Although the entries hold pictures, only their words are printed back, exactly as given.

Web page caption snippets
■ ■ ■ ■ ■ ■ ■

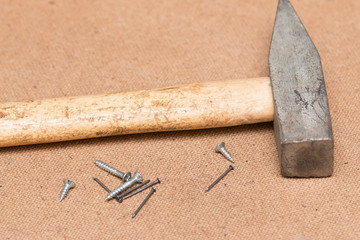Nails, screws, hammer on a wooden background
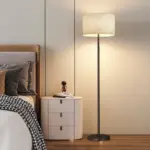 Modern minimalist metal floor lamp with linen fabric shade for luxury hotel decor.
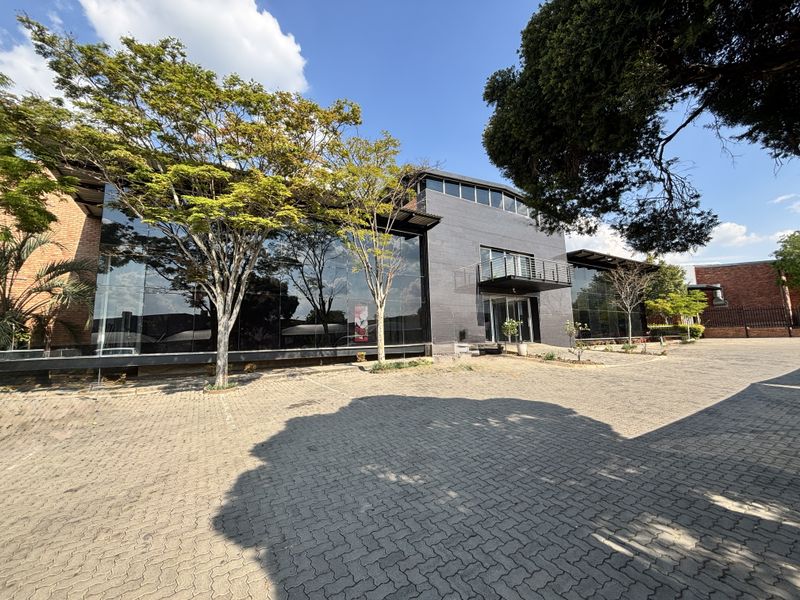 Modern industrial building featuring a large glass curtain wall, brick facade, and a paved driveway entrance with a small balcony.
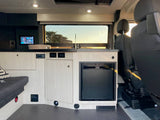 Explore a modern RV rental: well-appointed camper van interior with compact kitchen, control panel, and seating area.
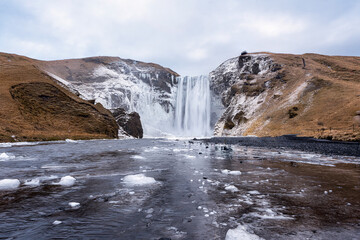 Panoramic view of Skogafoss waterfall in winter in South Iceland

■ ■ ■ ■ ■ ■ ■

Answer below →
Nails, screws, hammer on a wooden background
 Modern minimalist metal floor lamp with linen fabric shade for luxury hotel decor.
 Modern industrial building featuring a large glass curtain wall, brick facade, and a paved driveway entrance with a small balcony.
 Explore a modern RV rental: well-appointed camper van interior with compact kitchen, control panel, and seating area.
 Panoramic view of Skogafoss waterfall in winter in South Iceland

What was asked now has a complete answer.